- YOUR GOAL
Repeat exactly the lines below that lie between the line with "1x 17 Zoll original" and the line with "VENDE-SE APARTAMENTO SEMIMOBILIADO", counting both of those lines as part of the answer.

- AVAILABLE DATA

▼

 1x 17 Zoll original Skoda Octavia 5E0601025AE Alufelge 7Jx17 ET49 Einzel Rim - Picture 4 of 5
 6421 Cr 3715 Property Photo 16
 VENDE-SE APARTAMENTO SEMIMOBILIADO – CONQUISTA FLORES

▲
▼

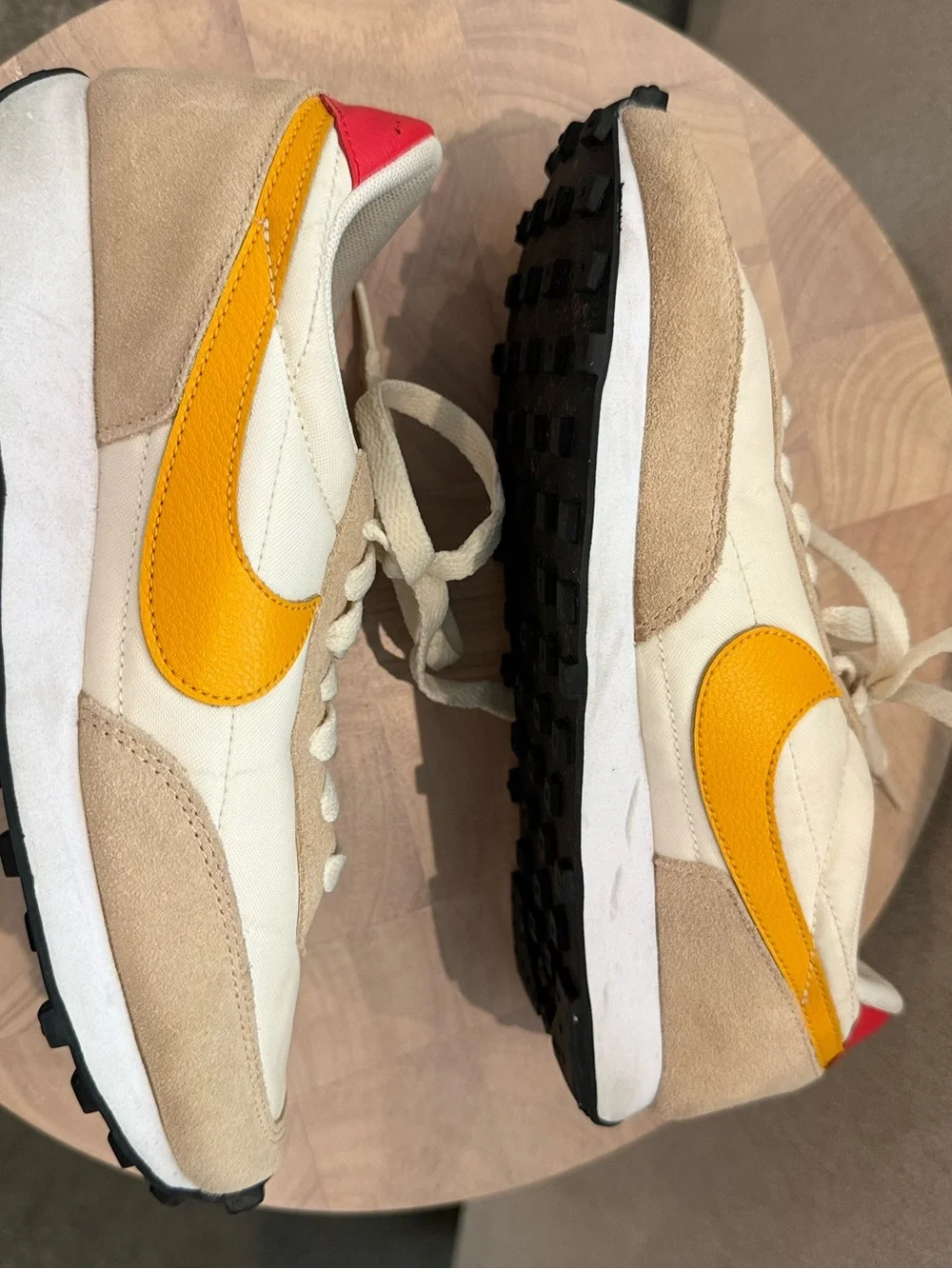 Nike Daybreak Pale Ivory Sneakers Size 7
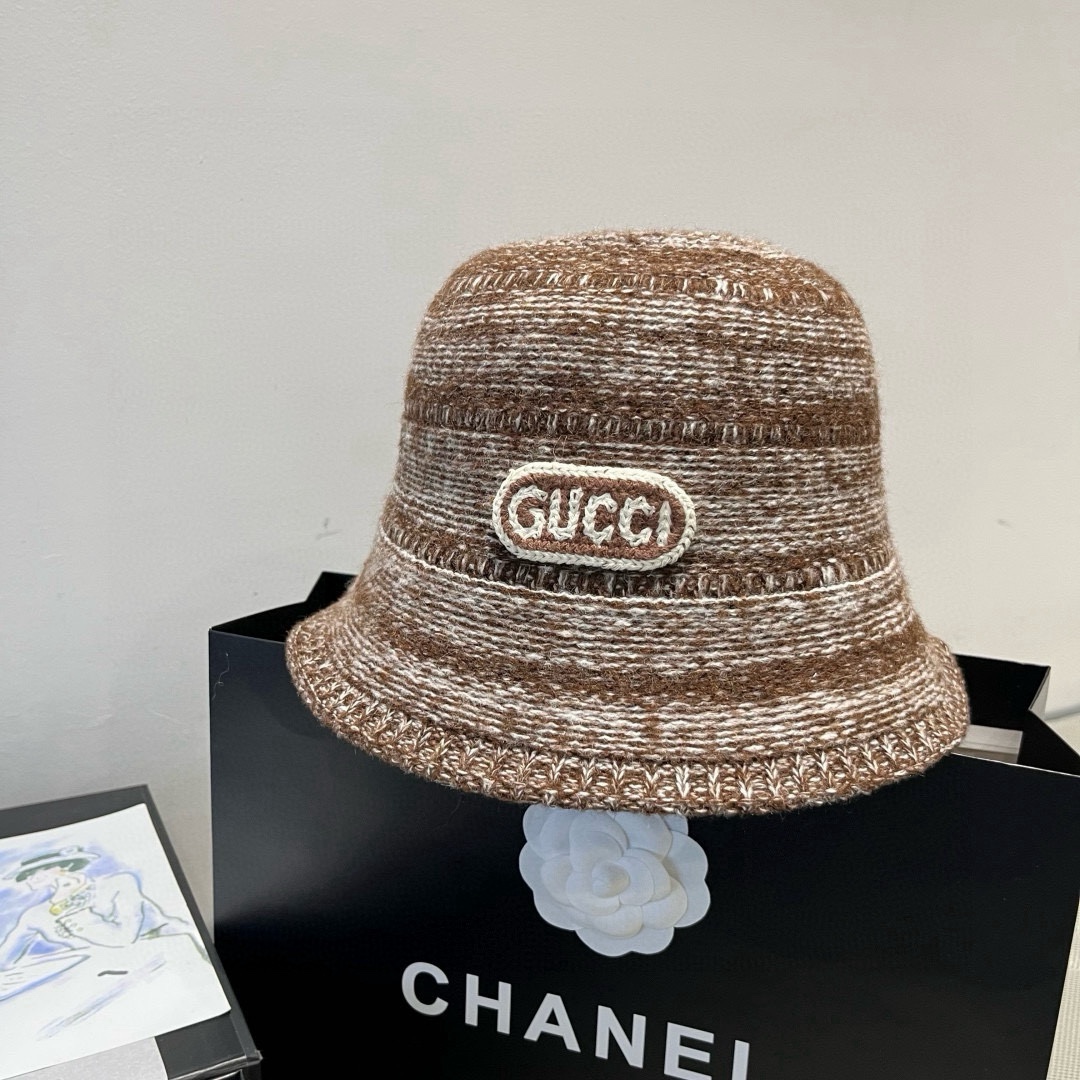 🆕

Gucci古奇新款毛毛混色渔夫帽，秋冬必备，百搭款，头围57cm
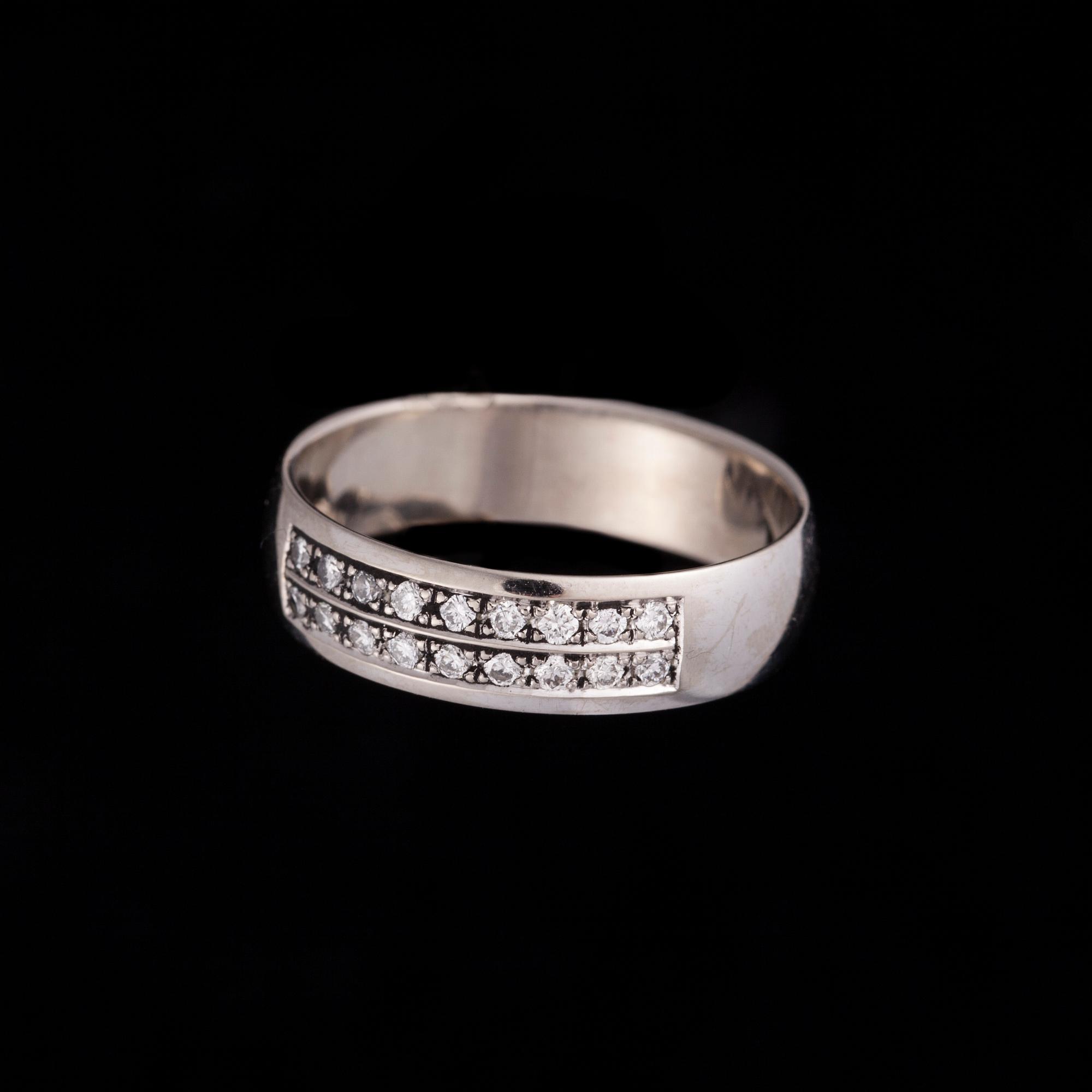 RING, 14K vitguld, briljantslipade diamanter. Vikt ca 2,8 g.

▲
▼

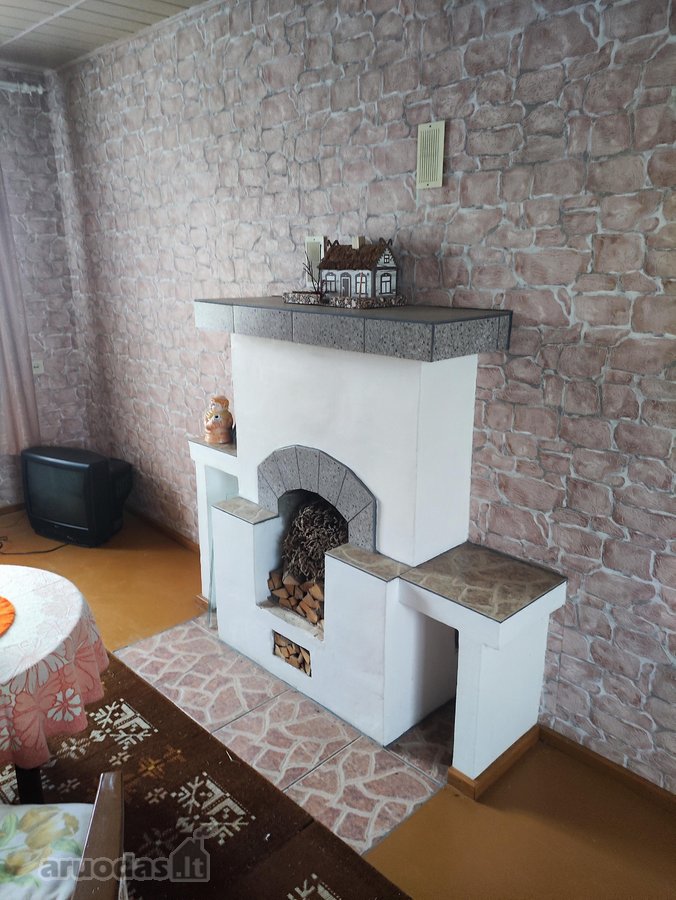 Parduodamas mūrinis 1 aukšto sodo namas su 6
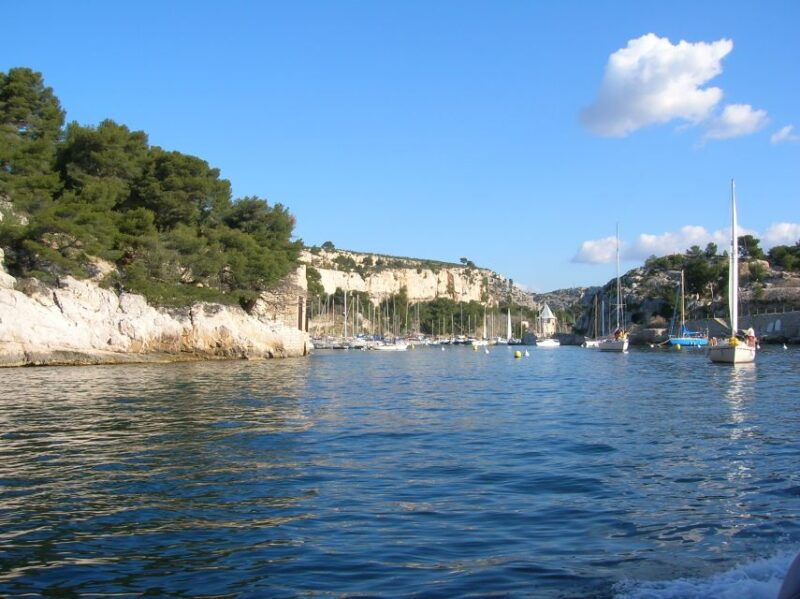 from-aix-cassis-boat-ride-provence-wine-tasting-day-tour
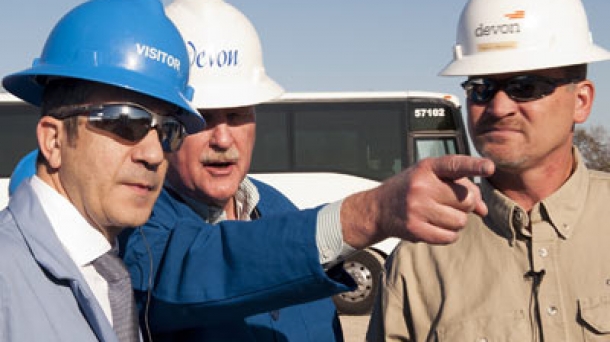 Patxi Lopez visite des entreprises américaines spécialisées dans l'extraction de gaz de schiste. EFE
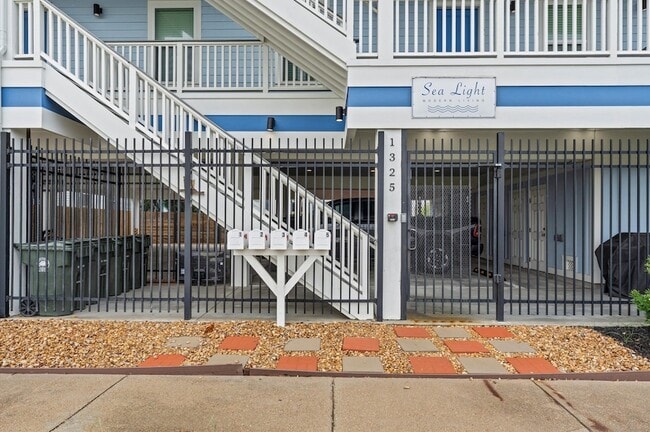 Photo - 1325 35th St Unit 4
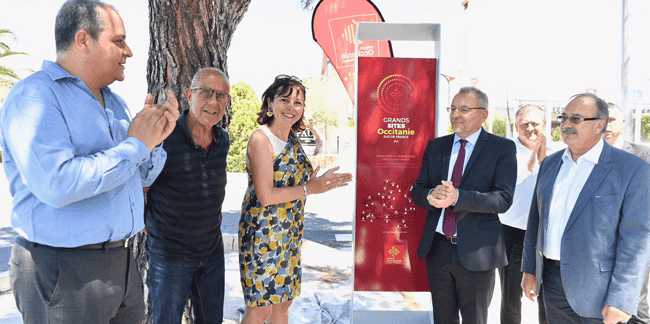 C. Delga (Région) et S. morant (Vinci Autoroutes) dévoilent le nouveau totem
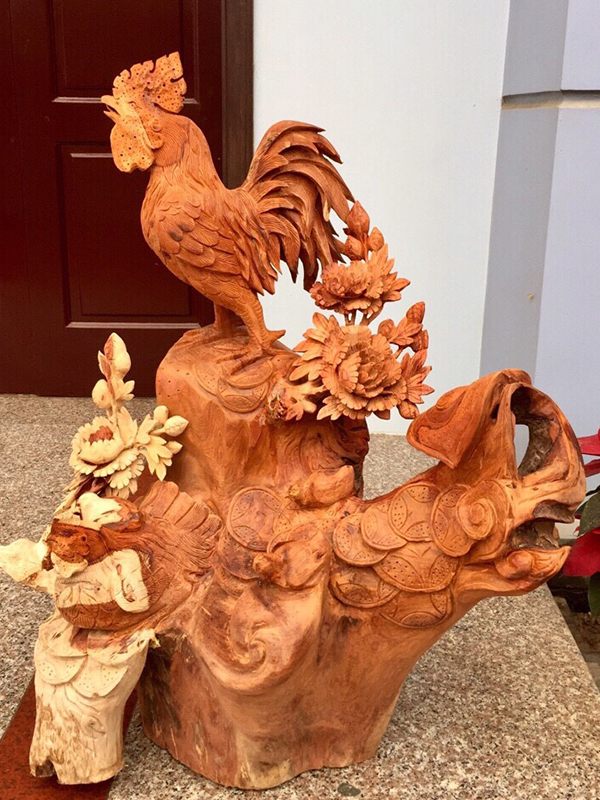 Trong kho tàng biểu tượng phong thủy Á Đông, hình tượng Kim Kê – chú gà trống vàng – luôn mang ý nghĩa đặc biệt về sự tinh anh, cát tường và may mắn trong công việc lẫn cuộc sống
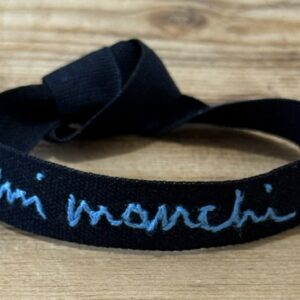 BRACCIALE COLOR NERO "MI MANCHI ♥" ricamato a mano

▲

- OUTPUT FOR THIS TASK
 1x 17 Zoll original Skoda Octavia 5E0601025AE Alufelge 7Jx17 ET49 Einzel Rim - Picture 4 of 5
 6421 Cr 3715 Property Photo 16
 VENDE-SE APARTAMENTO SEMIMOBILIADO – CONQUISTA FLORES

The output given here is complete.